Jo Chandler is the way to go! She’s a journalist and has the skills to explain complicated issues…and keeps it interesting! Antarctica is a fascinating place that is an important part of our climate. Thanks so much for your comments! I hope to have a great link soon for your Non-Fiction Friday post!
Awesome! I’m excited to see what else you have coming up 🙂
I missed seeing this thanks to Japan planning, but it sounds like a great read. I’ve dabbled in quite a bit on climate change reading over the years, but somehow missed this one.
Antarctica and the Great Barrier Reef are showing clear signs of the problem, but our politicians keep ignoring the message.

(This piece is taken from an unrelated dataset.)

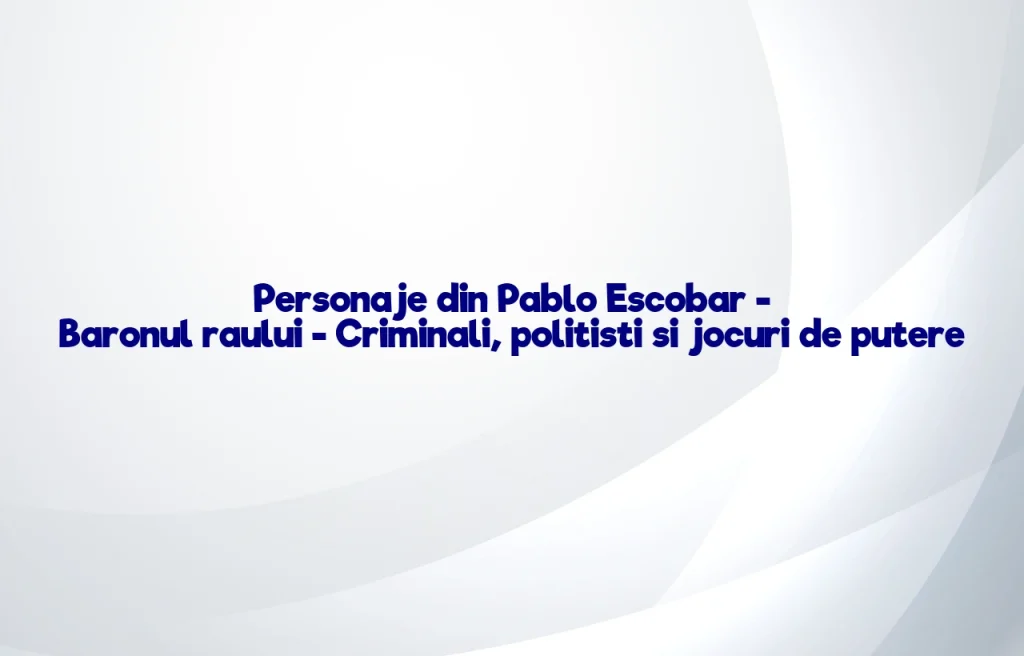 personaje din pablo escobar - baronul raului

Maybe you missed it because you were “Feeling the Heat!” Australia has just sweated through its hottest April since climate records began!
We’ve got to get over the roadblocks that are stopping effective action on climate change….or we will continue to sizzle! I even put on the air-conditioner 19th of April. That is insane in my longitude/latitude!
And then we had a bizarre cold snap early May with snow in Western NSW where my sisters live. Unheard of for this time of year.